Interestingly enough, I have been in discussion with a colleague and he suggested that I try the commands for linked adapters. Having done so, it would appear that he was right and I managed to improve the primer detection rate for the forward reads substantially but not so much for the reverse (still only detected in about 50% of reverse reads). As I do not want to retain untrimmed reads, I am left at the end again with about half my read count per sample. I wonder though if this should provide any tells about what the problem might be here?

link-trimmed.zip (81.5 KB)

Attached in the second .zip file are the log files for the first run I tried with linked adapters on default parameters and the second with the added flags to match adapter and read wildcards.

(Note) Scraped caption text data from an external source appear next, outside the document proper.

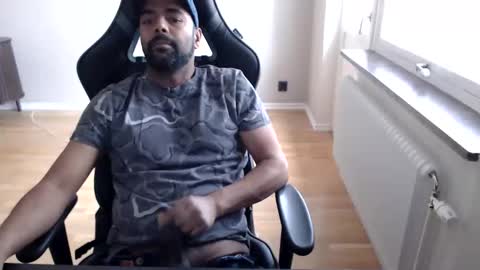 dan_the_man43 online show from April 2026 10:38:02 AM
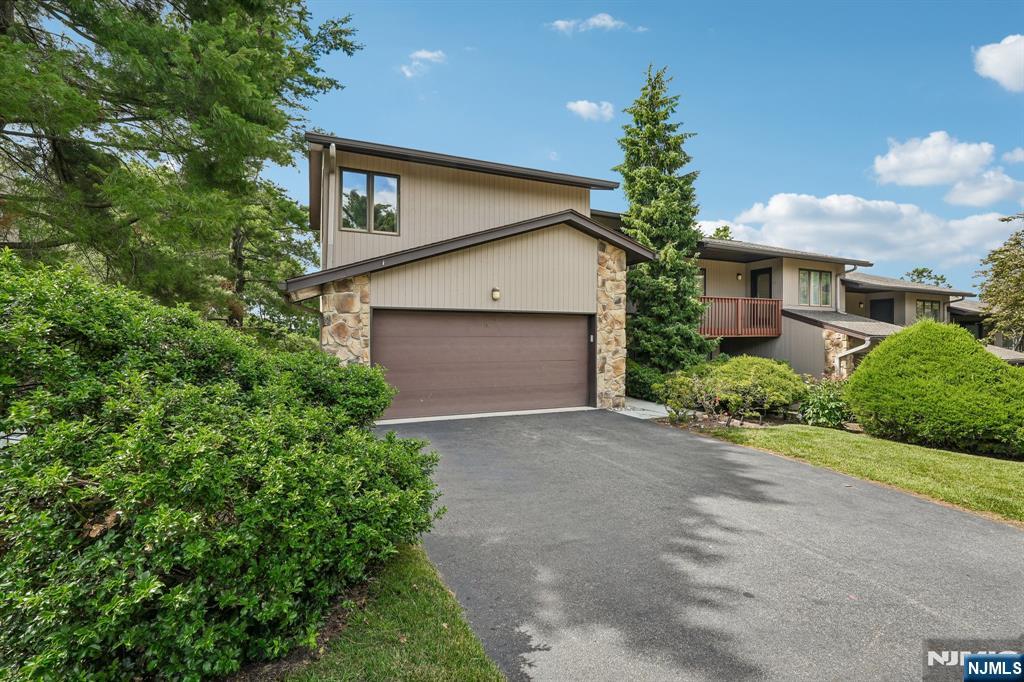 19 Cedar Wood Terrace - Photo 1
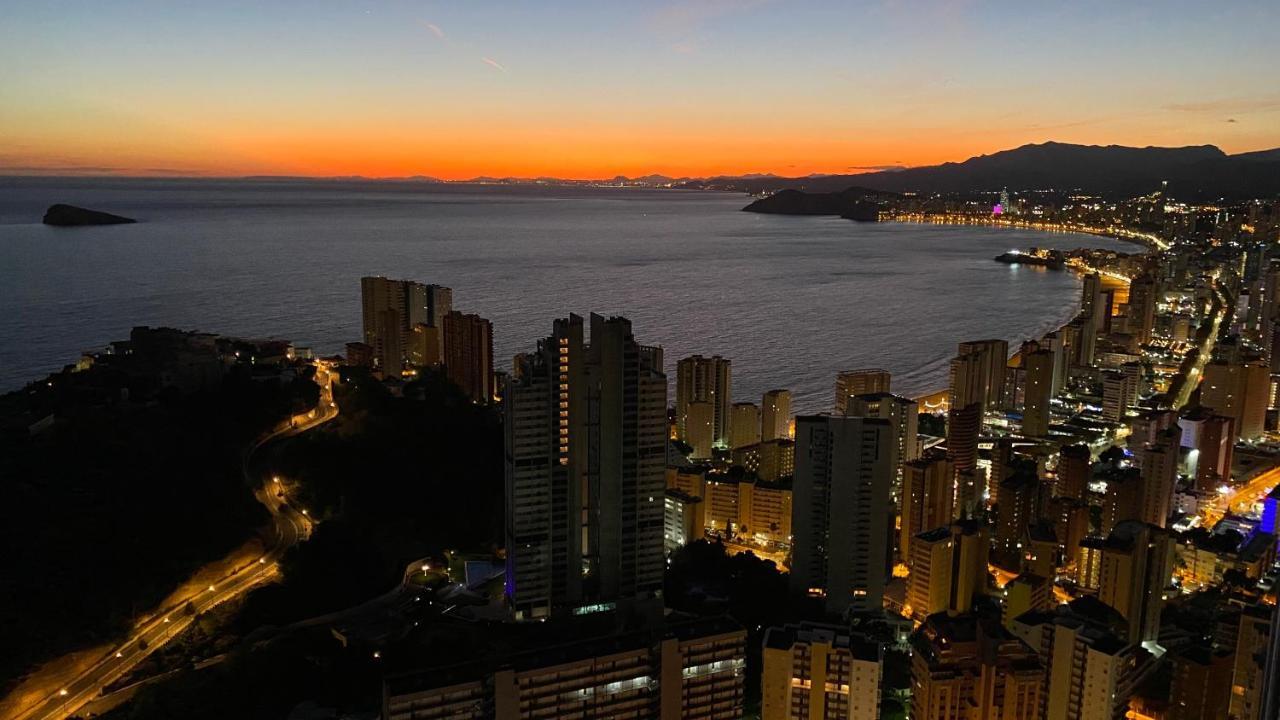 Benidorm High Rise Apartments - Sea Views - Torre Lugano Екстериор снимка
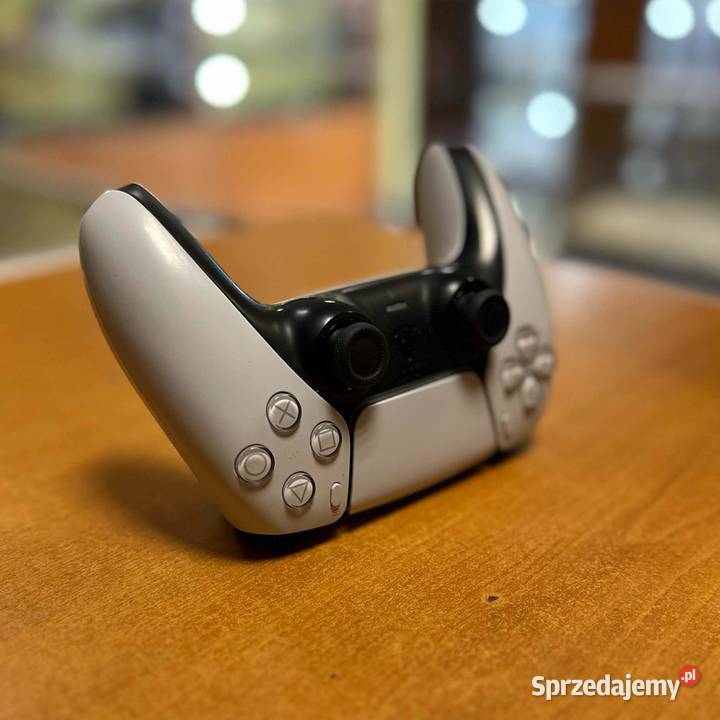 Pad bezprzewodowy do 5 DualSense CFIZCT1W Elbląg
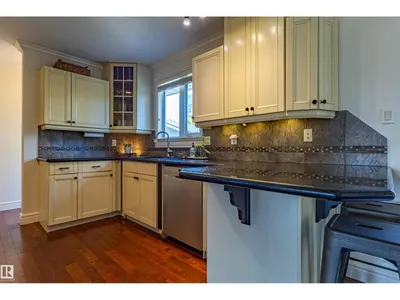 4107 122 ST NW photo 12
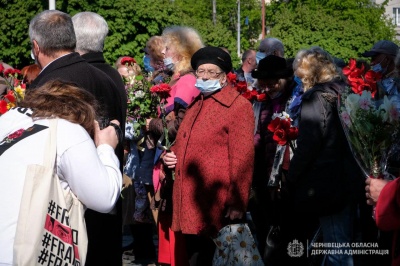 У Чернівцях вшанували пам'ять загиблих у Другій світовій війні - фото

I realize this might be, at this point, quite a drawn out question and I apologize for that but I worry I may have exhausted myself of all ideas as to what the issue might be. For that, I am grateful for any insight you can provide me!

Thanks again!

Jessica

SoilRotifer · October 30, 2020, 2:15pm

This is quite perplexing indeed.

Usually when I see such consistent loss across all the samples, it usually implies that the primer sequences are slightly incorrect. Or something else is consistently wrong... What sequencing protocol was used to generate this data? Do you have a reference?

These primers are identical to the ones below, except for the T in place of K in the reverse primer. Which should not be an issue as K == G or T (Herlemann et al. 2011).

Bakt_341F: CCTACGGGNGGCWGCAG
Bakt_805R: GACTACHVGGGTATCTAATCC

I would rerun with the following changes. I know you've tried much of this already, I am only adding 2 new ones:

try using the --p-anywhere-f instead of --p-front-f
try using the --p-anywhere-r instead of --p-front-r
do not use the --no-indels
remove the ^ from the beginning.
keep --p-match-adapter-wildcards
keep --p-match-read-wildcards
keep --p-discard-untrimmed

Sometimes odd things happen with sequencing. I think at one point I simply had to trim some bases off either end of the primers... but you'd think this should be solved by simply increasing --p-error-rate as you've done. Otherwise, if you are not using staggered primers (Lundberg et al. 2013), then you can forgo cutadapt and just use the trimming options provided in dablur or DADA2. But it is nice to use cutadapt as a form of quality control.

Would it be possible to share the demuxed data? You can DM me if you do not want to share it publicly.